Les politiques actuelles des nations emmènent le monde vers un réchauffement "catastrophique" de 3,1°C au cours du siècle, voire 2,6°C si les promesses de faire mieux sont tenues, selon l'ONU Environnement.
Les pays ont jusqu'à février pour soumettre aux Nations unies la révision de leurs objectifs climatiques d'ici 2035, appelées "contributions déterminées au niveau national" (NDC).

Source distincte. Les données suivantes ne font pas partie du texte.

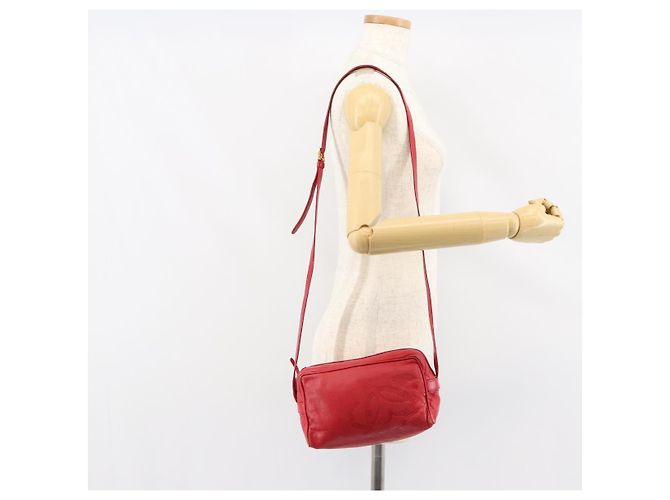 LOEWE Borsa a Spalla Anagram Pelle Rossa Oro Auth 154507 Rosso D'oro - vista 20
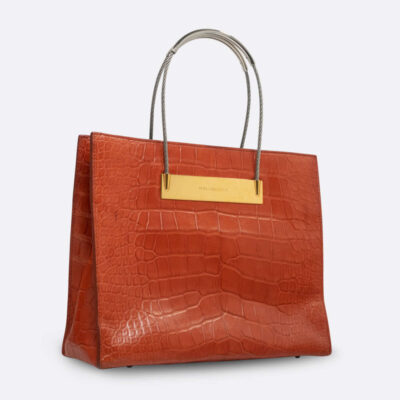 BALENCIAGA CABLE TOTE ORANGE ALLIGATOR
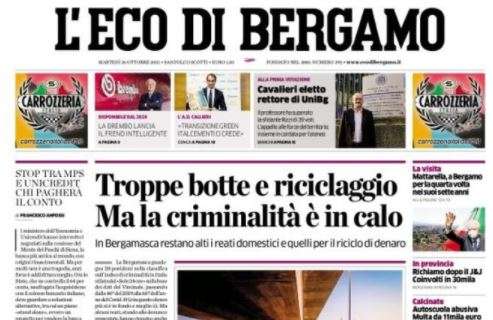 L'Eco di Bergamo: "Atalanta, problemi in casa. E Gasp squalificato in vista della Samp"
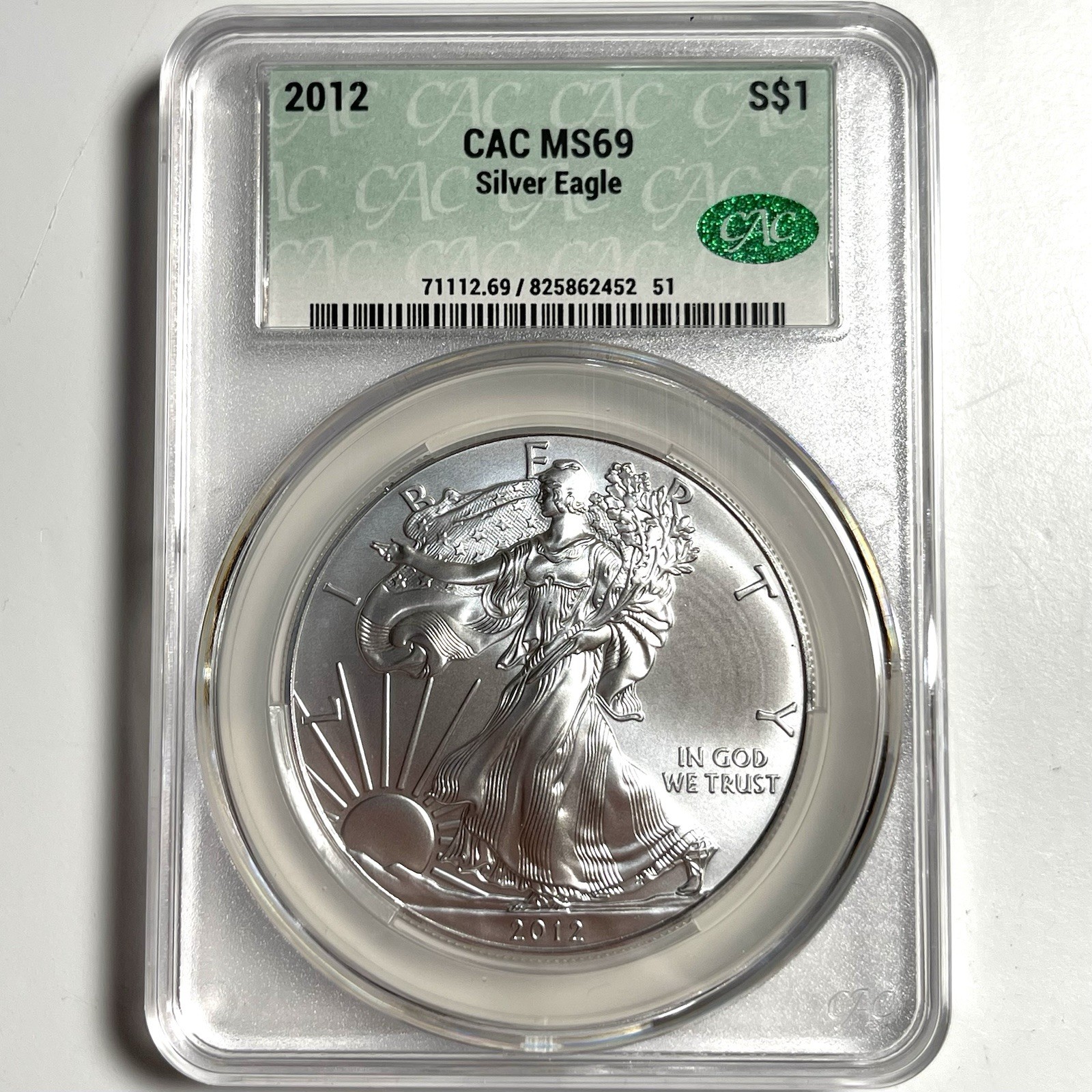 2012 American Silver Eagle $1 CAC MS69 1Oz .999 Fine Silver Coin USA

Mais l'accord a minima de la COP29 fin novembre risque d'être invoqué pour justifier de faibles ambitions. Les pays en développement ont obtenu 300 milliards de dollars de promesse d'aide annuelle des pays riches d'ici 2035, soit moins de la moitié de leur demande pour financer leur transition énergétique et leur adaptation aux dégâts climatiques.
Le sommet de Bakou s'est aussi conclu sans engagement explicite à accélérer la "transition" vers la sortie des énergies fossiles, approuvée à la COP28 de Dubaï.

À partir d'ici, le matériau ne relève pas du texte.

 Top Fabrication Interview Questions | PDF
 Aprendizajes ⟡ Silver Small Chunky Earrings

En 2024, les catastrophes naturelles, alimentées par le réchauffement, ont causé des pertes économiques de 310 milliards de dollars dans le monde, a estimé jeudi Swiss Re, le groupe suisse qui fait office d'assureur pour les assureurs.
En 2023, le phénomène naturel El Niño s'était combiné au réchauffement climatique d'origine humaine pour pousser les températures mondiales à un niveau record. Comment expliquer alors le nouveau pic en 2024?
L'année qui suit El Niño "est fréquemment plus chaude que la première" et après un pic autour de décembre-janvier, "la chaleur se distribue au long de l'année", répond le climatologue Robert Vautard joint par l'AFP.
Mais en 2024, "il est vrai que le refroidissement est très lent", ajoute-t-il. "Pour le moment, on reste dans les marges relativement attendues" des projections, mais si "les températures ne redescendent pas plus franchement en 2025, il faudra se poser des questions", dit-il.
Une étude publiée dans Science jeudi soutient qu'en 2023, la Terre a moins renvoyé l'énergie solaire dans l'espace, en raison d'une réduction des nuages de basse altitude et, dans une moindre mesure, de la diminution de la banquise.
En Antarctique, celle-ci se maintient à des niveaux historiquement bas sans discontinuer depuis 2023, note Copernicus, avec un nouveau record de fonte pour un mois de novembre.